Women who receive radiation after a lumpectomy for breast cancer have better, long-term survival odds than those who forego this treatment, a British study has found.
The study revisited information on 42,000 women who had participated in 78 randomized trials around the world comparing different breast cancer treatments. The analysis was conducted by the Early Breast Cancer Trialists' Collaborative Croup.
The risk of having a local recurrence was 7% for women who had radiation versus 26% for women who did not. All of the women had first had breast-conserving surgery.
At the 15-year mark, 30.5% of the women who had radiation died versus 35.9% of the women who had not undergone radiation.
Radiation also reduced the risk of a local recurrence and improved the long-term survival for women whose cancer had spread to the lymph nodes in the armpit. The five-year risk of a local recurrence after mastectomy and surgery to the armpit was 60/o for the women who had radiation versus 23% for those who did not. The 15-year death rate was 54.7% for those who had radiation and 60.1% for those who did not.
Lumpectomy, or breast-conserving surgery, removes the tumor plus a margin of normal tissue around it, and can be performed if the cancer has not spread widely. Unfortunately, the procedure sometimes leaves some rogue cancer cells behind, which can result in a recurrence. Therefore, women who have the option of a lumpectomy often choose a mastectomy (removal of the entire breast) out of fear of such a recurrence-although the odds of survival are the same between the two procedures.

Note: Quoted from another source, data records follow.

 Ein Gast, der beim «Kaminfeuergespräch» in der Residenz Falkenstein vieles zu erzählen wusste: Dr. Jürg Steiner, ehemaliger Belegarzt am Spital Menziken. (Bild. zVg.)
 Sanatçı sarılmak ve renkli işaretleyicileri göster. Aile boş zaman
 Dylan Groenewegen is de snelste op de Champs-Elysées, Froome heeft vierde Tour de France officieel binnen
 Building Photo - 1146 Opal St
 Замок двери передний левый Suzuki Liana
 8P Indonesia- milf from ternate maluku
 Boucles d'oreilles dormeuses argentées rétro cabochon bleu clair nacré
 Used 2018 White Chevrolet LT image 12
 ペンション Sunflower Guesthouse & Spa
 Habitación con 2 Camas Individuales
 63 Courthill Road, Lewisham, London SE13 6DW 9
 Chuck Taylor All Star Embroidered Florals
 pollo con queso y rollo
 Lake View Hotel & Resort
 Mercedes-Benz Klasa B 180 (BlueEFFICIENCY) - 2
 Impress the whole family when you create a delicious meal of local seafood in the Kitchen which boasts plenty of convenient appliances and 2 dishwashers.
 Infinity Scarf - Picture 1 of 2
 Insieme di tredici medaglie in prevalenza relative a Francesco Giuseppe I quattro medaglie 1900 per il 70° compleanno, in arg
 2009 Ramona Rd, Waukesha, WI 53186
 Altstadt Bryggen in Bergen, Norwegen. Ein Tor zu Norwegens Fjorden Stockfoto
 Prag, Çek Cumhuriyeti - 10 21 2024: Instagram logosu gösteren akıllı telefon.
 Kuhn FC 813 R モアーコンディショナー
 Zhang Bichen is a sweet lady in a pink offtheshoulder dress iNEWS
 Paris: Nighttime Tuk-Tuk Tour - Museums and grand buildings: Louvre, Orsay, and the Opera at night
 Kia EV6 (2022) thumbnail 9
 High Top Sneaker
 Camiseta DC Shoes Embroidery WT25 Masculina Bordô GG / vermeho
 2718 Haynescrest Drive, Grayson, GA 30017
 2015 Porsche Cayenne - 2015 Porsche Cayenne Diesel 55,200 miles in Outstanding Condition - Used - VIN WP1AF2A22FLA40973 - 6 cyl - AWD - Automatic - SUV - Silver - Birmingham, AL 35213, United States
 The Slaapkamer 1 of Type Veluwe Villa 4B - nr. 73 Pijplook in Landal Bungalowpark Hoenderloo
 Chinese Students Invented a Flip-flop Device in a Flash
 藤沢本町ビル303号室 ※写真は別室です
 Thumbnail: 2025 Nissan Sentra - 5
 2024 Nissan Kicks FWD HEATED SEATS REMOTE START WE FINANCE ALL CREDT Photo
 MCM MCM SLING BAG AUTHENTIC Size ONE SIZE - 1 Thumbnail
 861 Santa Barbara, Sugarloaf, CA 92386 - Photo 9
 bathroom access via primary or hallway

Previous research had shown that administering radiation after surgery reduces the risk of a local recurrence. However, it had been unclear if longer term, 15-year survival rates were affected by radiation treatments soon after surgery.
For some women, the current research may offer some clarity. "The findings fit in well with previous research, and provide definite answers where previously there was uncertainty," explains study coauthor Sarah Darby, a professor of medical statistics at the University of Oxford's Clinical Trial Service Unit in the United Kingdom.
"It is now clear that radiotherapy saves lives in women who have had breast-conserving surgery and in women whose cancer has substantial spread to the armpit, even if they have already had a mastectomy," Darby says.
According to the authors, it probably makes little sense to offer radiation to women who have already been cancer-free for several years. It might be worth considering, however, in women who had lumpectomy for breast cancer or mastectomy for cancer that had spread to the lymph nodes within the past year or so
"It's important to treat breast cancer thoroughly from the beginning," notes Dr. B. Jay Brooks, Jr., who is chairman of hematology/oncology at the Ochsner Clinic Foundation in Baton Rouge, Louisiana. "If not, it increases the risk of local failure and, if that happens, it puts a woman at high risk of that cancer becoming metastatic."
Brooks stresses that radiation is not the only advance for women who have breast cancer. Hormone therapy, such as tamoxifen and aromatase inhibitors, are also radically decreasing risk, he says.